*WHAT IS REQUIRED:* From the line that contains "Ốp gương chiếu" to the end of the entries, copy each line exactly, though the pictures stay out.

*Web page caption snippets:*

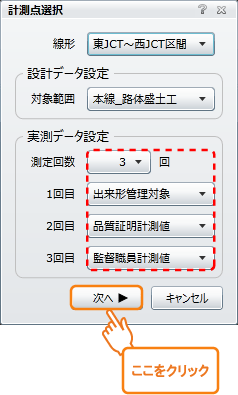 計測点選択画面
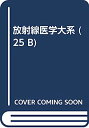 【中古】放射線医学大系 (25 B)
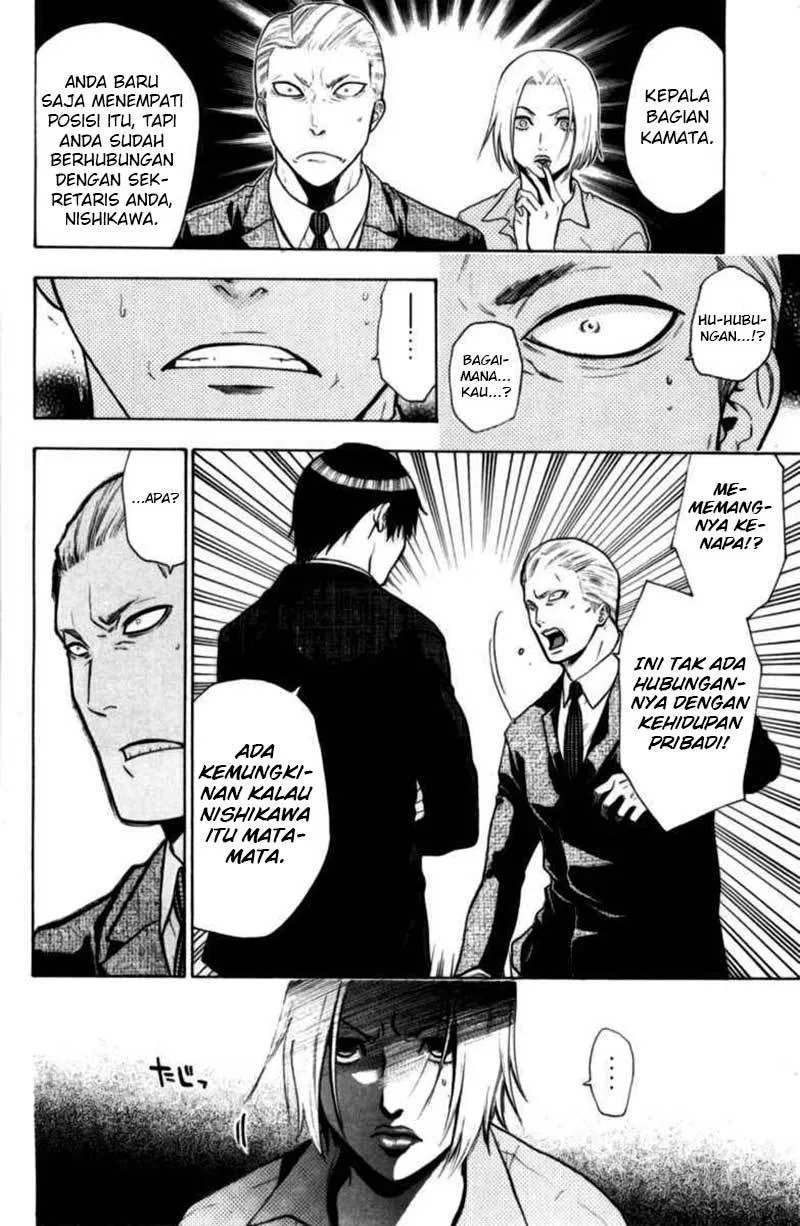 image-komik-bloody-monday-chapter-71-14/24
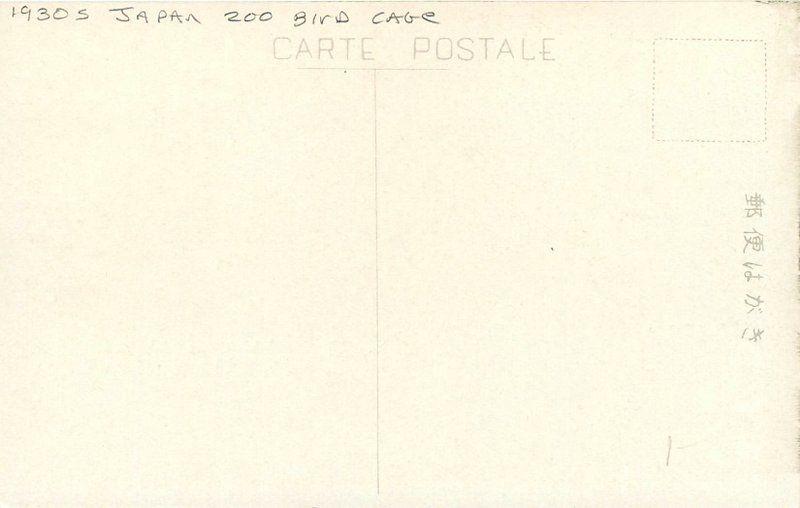 200 Bird Cages Japan 1940s RPPC real photo postcard 8225
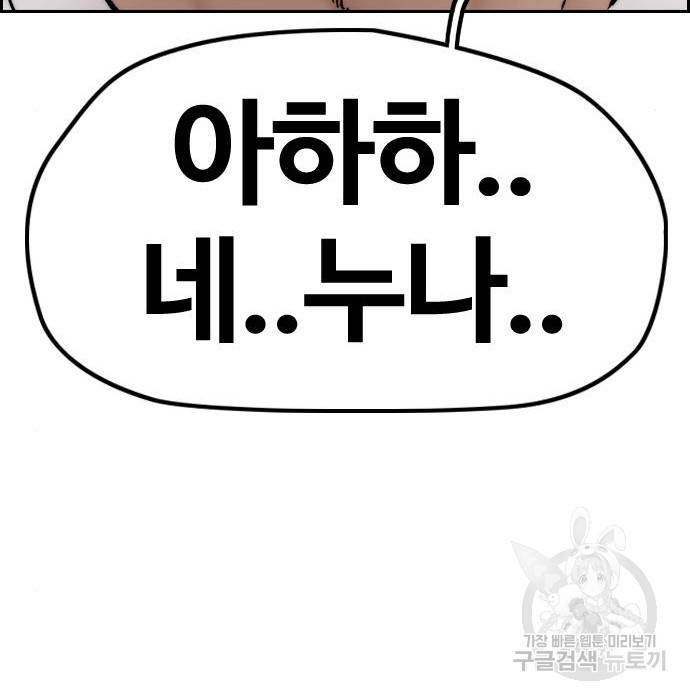 윈드브레이커 4부 24화 60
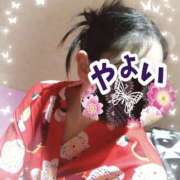 ヒメ日記 2025/07/13 13:28 投稿 やよい 夜這い本舗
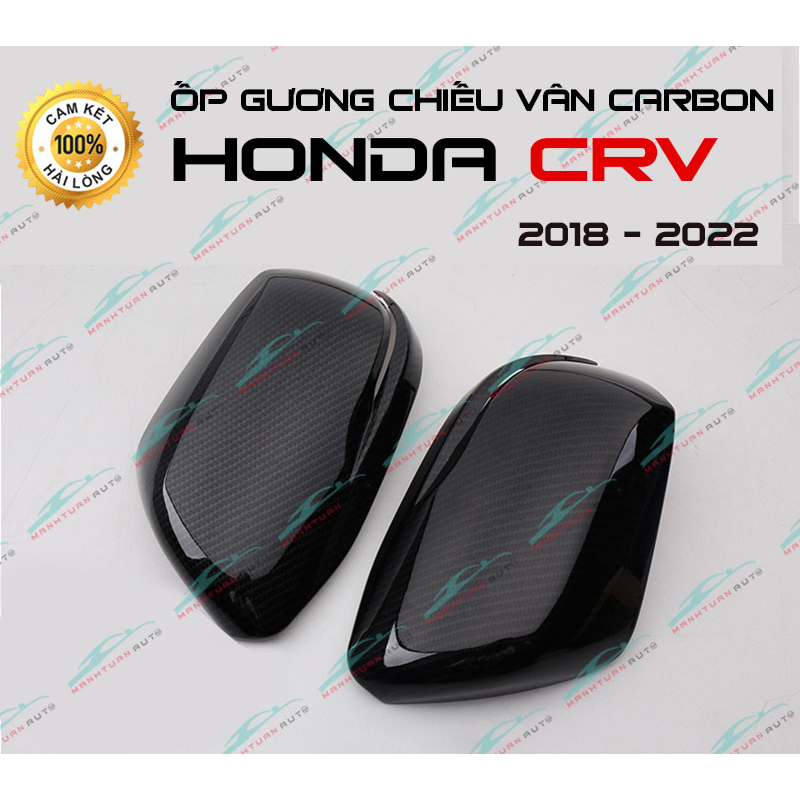 Ốp gương chiếu hậu CARBON xe Honada CRV 2018 - 2022 vân Cacbon cao cấp - Giá 1 đôi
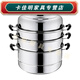 Baichunbao large steamer stainless steel thickened steamer steamer grid soup pot fire gas electromagnetic thickened 2 layers 26cm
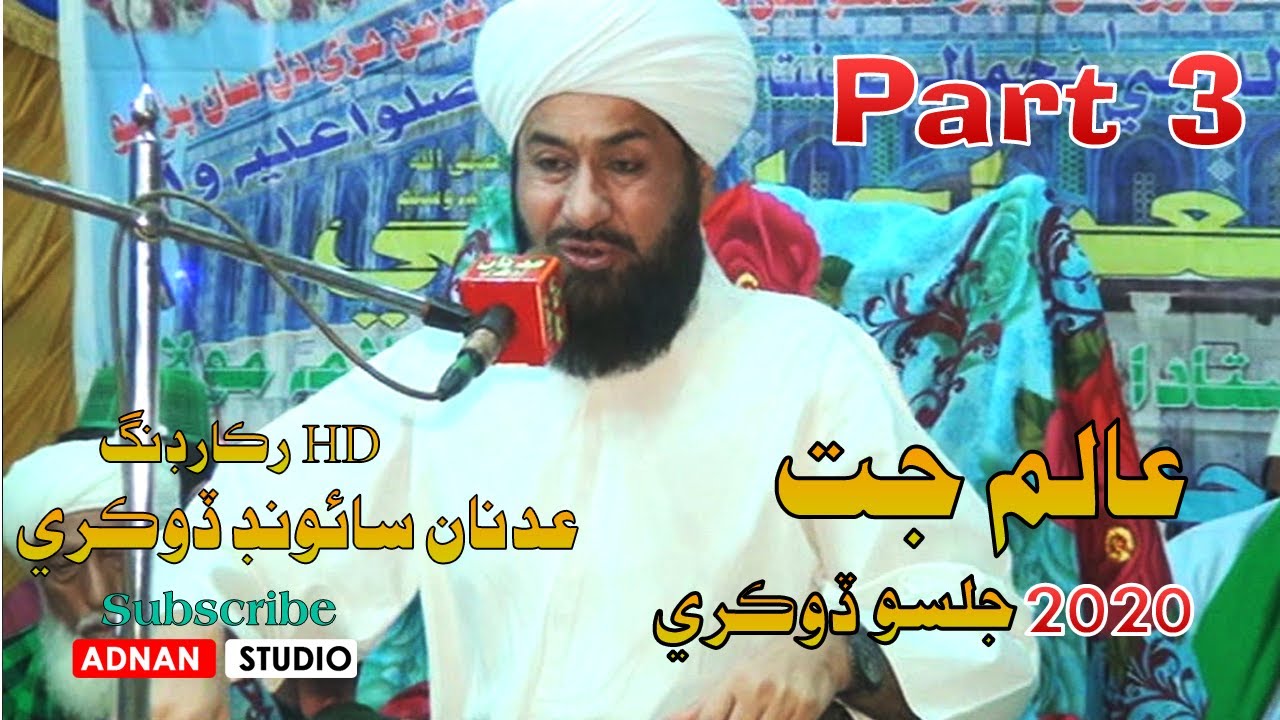 Molana Alam jat new 2020 (Part 3)
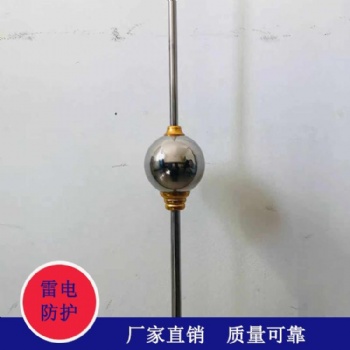 單球不銹鋼避雷針廠家陜西偉信**供應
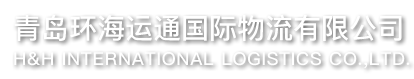 青岛环海运通国际物流有限公司-首页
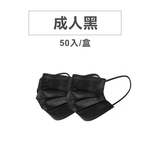 台灣現貨！一次性三層防護口罩 50入裝 成人 靜電熔噴布 溶噴 不織布 3層防水 防飛沫 防塵 過濾 粉塵, , large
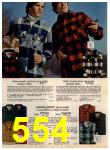 1972 Sears Fall Winter Catalog, Page 554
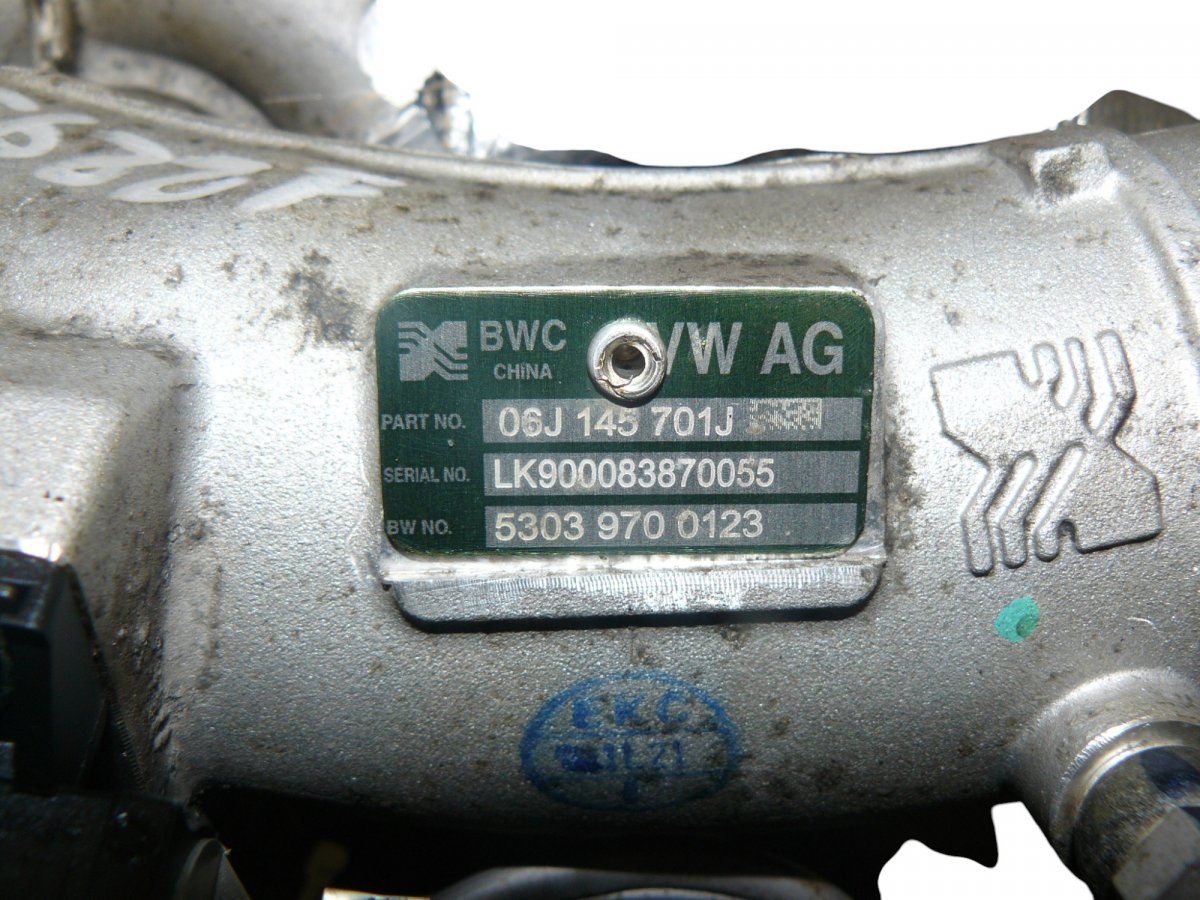 Turbocharger SKODA OCTAVIA II (1Z) (2004-2013)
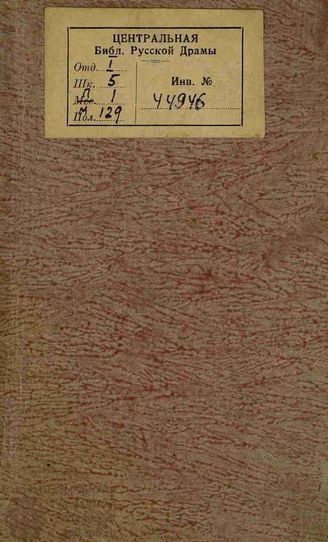 Мольер Ж.-Б. Мещанин во дворянстве (1788)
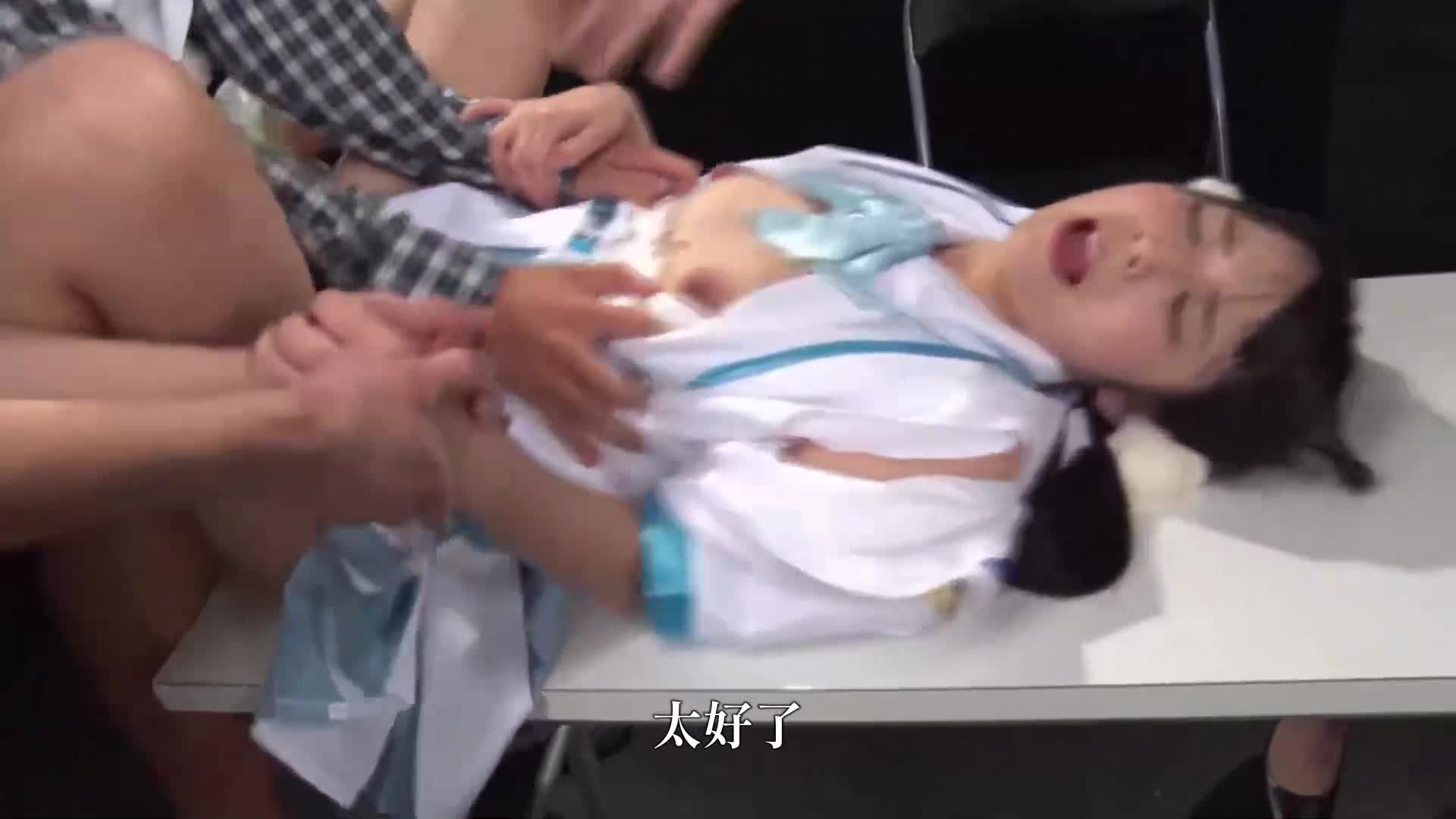 [AI解码版]强奸合法化的世界3 ～当众插入阳具！一念之间即强暴！明目强奸生孩子！ ！ ～ - AV大平台-中文字幕,成人影片,AV,国产,线上看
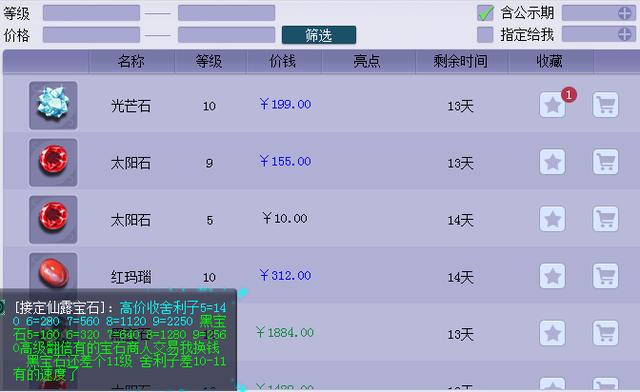梦幻西游：宝石商人的自我修养 从零开始到全服接单精品攻略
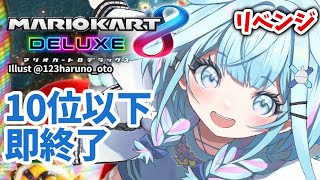 水宮枢 - 【マリオカート8DX】10位以下即終了 視聴者参加型【水宮枢／FLOW GLOW】#hololiveDEV IS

*RESULT OF THE EXERCISE:*
 Ốp gương chiếu hậu CARBON xe Honada CRV 2018 - 2022 vân Cacbon cao cấp - Giá 1 đôi
 Baichunbao large steamer stainless steel thickened steamer steamer grid soup pot fire gas electromagnetic thickened 2 layers 26cm
 Molana Alam jat new 2020 (Part 3)
 單球不銹鋼避雷針廠家陜西偉信**供應
 青岛环海运通国际物流有限公司-首页
 台灣現貨！一次性三層防護口罩 50入裝 成人 靜電熔噴布 溶噴 不織布 3層防水 防飛沫 防塵 過濾 粉塵, , large
 1972 Sears Fall Winter Catalog, Page 554
 Turbocharger SKODA OCTAVIA II (1Z) (2004-2013)
 Мольер Ж.-Б. Мещанин во дворянстве (1788)
 [AI解码版]强奸合法化的世界3 ～当众插入阳具！一念之间即强暴！明目强奸生孩子！ ！ ～ - AV大平台-中文字幕,成人影片,AV,国产,线上看
梦幻西游：宝石商人的自我修养 从零开始到全服接单精品攻略
 水宮枢 - 【マリオカート8DX】10位以下即終了 視聴者参加型【水宮枢／FLOW GLOW】#hololiveDEV IS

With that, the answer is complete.